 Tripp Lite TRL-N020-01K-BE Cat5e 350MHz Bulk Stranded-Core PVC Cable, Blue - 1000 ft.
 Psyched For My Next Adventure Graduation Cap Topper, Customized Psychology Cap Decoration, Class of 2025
- - - - -
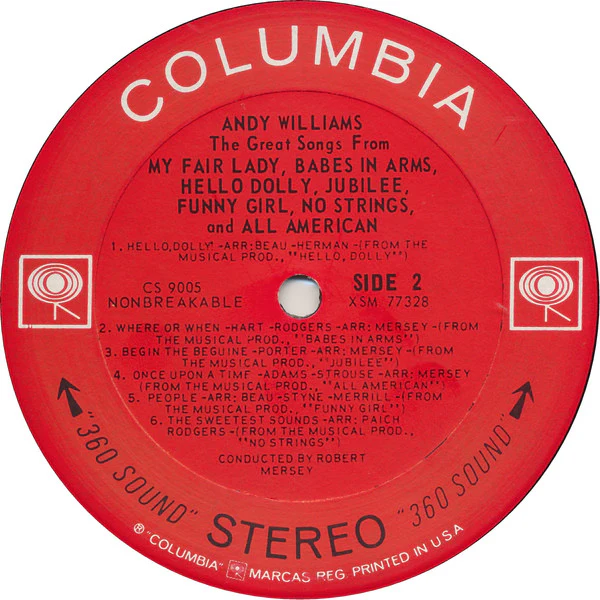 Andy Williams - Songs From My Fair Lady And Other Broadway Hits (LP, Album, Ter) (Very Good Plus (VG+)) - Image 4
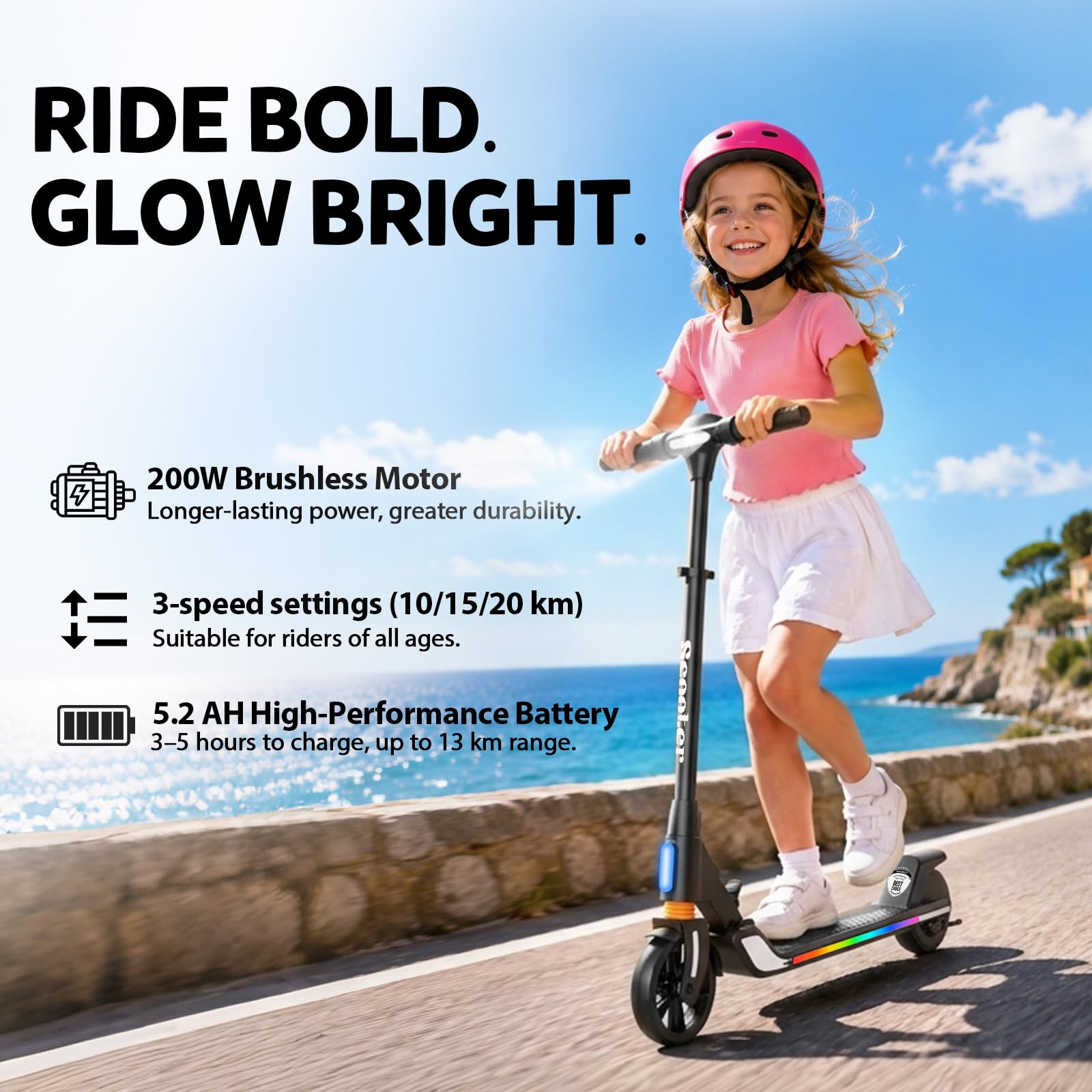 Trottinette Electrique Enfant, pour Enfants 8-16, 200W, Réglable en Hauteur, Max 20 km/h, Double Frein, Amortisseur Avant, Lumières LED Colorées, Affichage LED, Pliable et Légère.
- - - - -
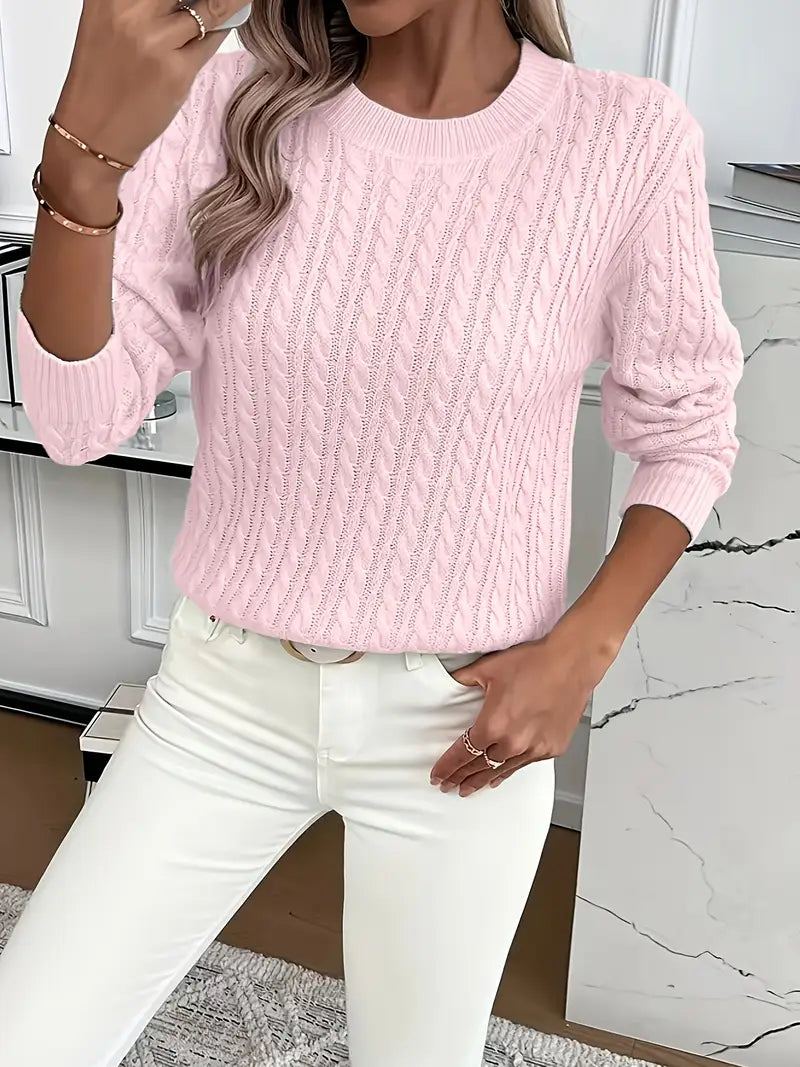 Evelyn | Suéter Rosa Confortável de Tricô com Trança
- - - - -
__PROBLEM REQUIREMENTS__
For the data above, set down exactly the lines from the line with "Andy Williams - Songs" to the line with "Trottinette Electrique Enfant, pour", both included, leaving pictures out.

__WRITTEN RESPONSE__
 Andy Williams - Songs From My Fair Lady And Other Broadway Hits (LP, Album, Ter) (Very Good Plus (VG+)) - Image 4
 Trottinette Electrique Enfant, pour Enfants 8-16, 200W, Réglable en Hauteur, Max 20 km/h, Double Frein, Amortisseur Avant, Lumières LED Colorées, Affichage LED, Pliable et Légère.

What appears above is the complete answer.